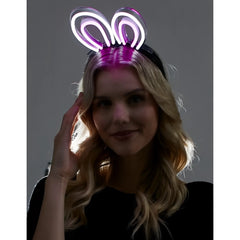 Purple neon bunny ears headband featuring glowing flexible light tubes for festive parties and events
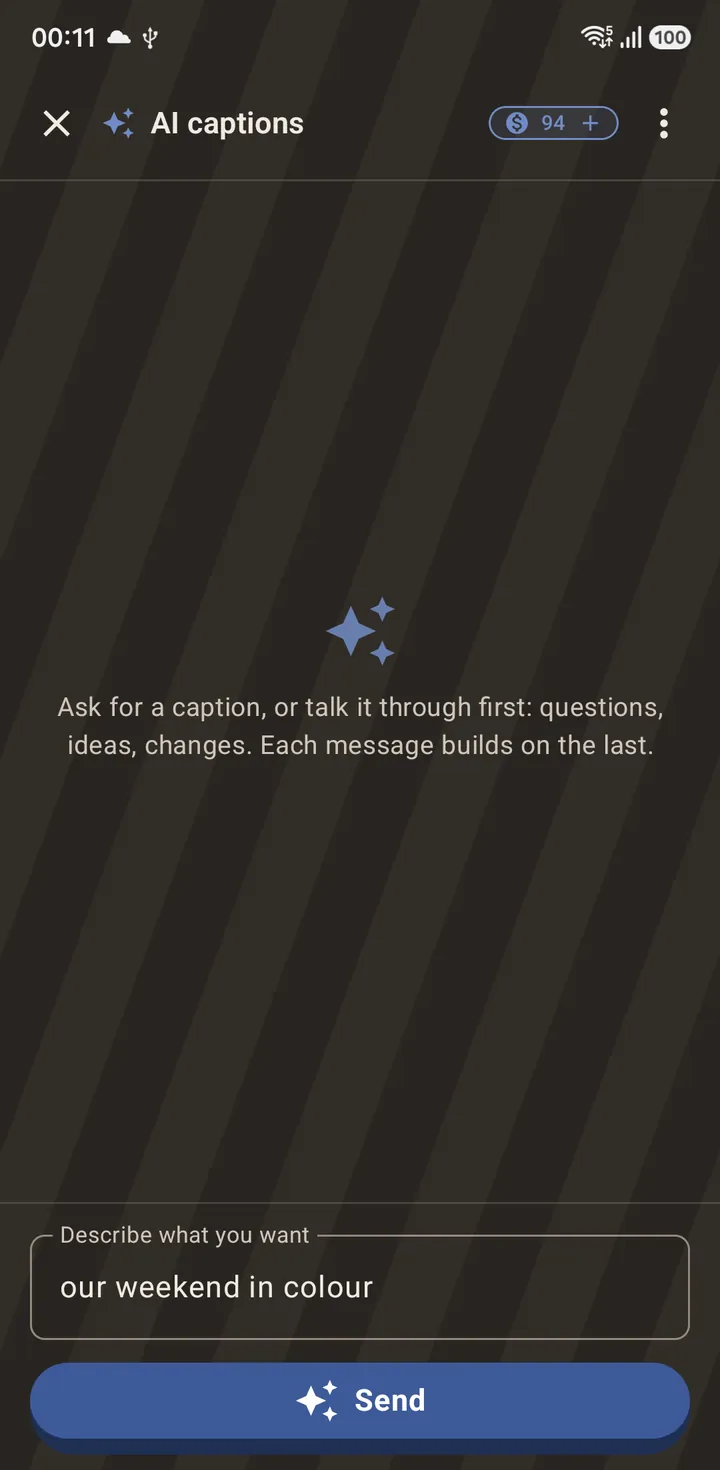 The chat opens with the caption you had already written, ready to send.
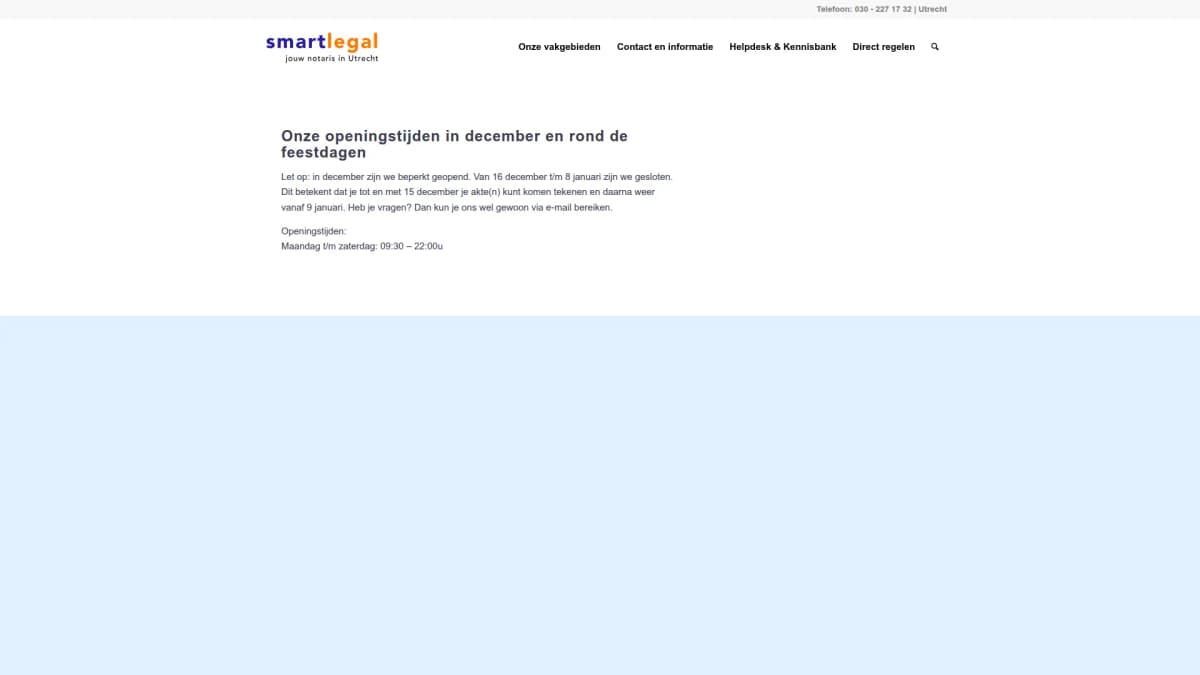 SmartLegal Notariaat — notariskantoor in Utrecht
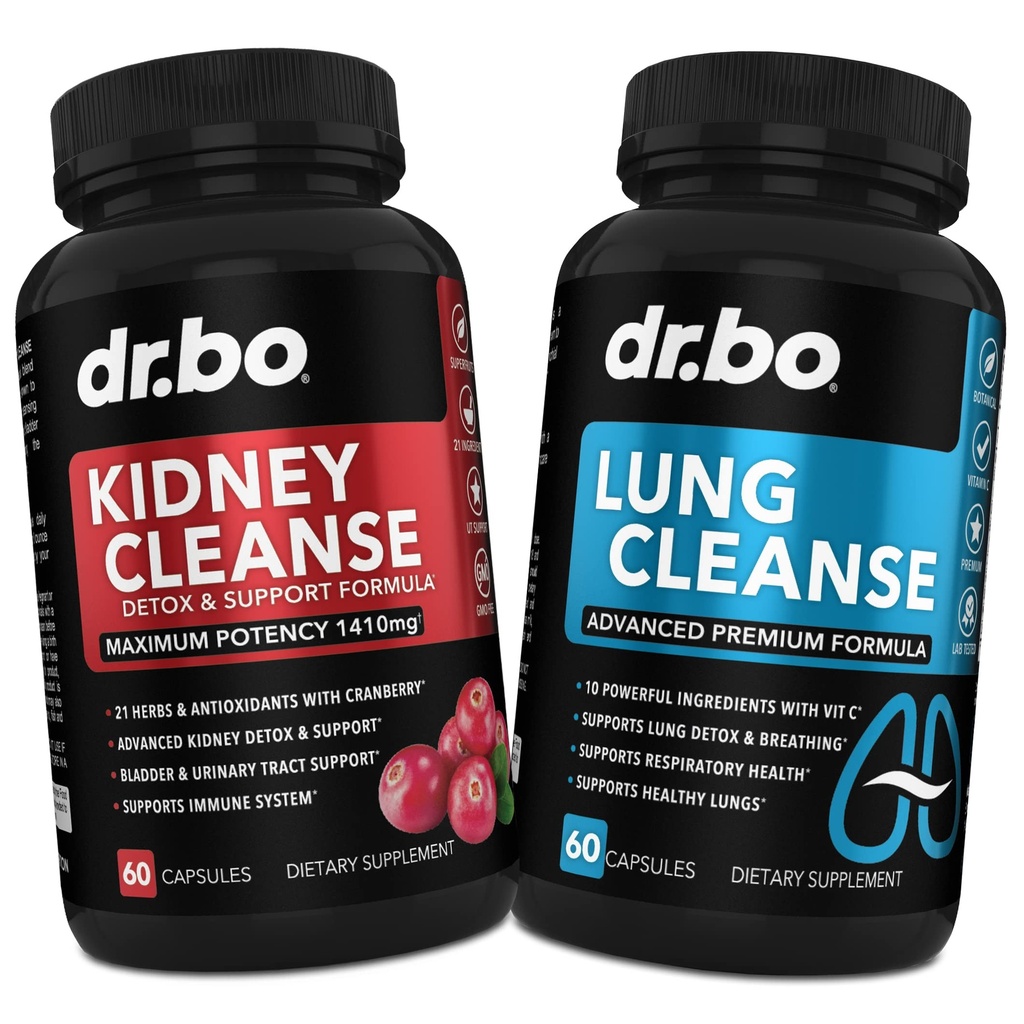 DR. BO Nurnal Cleanse & Lung Support piller - Premium Herbal Formler til støtte Nurnal & Lung Health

◆ Task instructions ◆
All of the material above should be copied exactly, minus the pictures.

◆ Answer to this task ◆
 Purple neon bunny ears headband featuring glowing flexible light tubes for festive parties and events
 The chat opens with the caption you had already written, ready to send.
 SmartLegal Notariaat — notariskantoor in Utrecht
 DR. BO Nurnal Cleanse & Lung Support piller - Premium Herbal Formler til støtte Nurnal & Lung Health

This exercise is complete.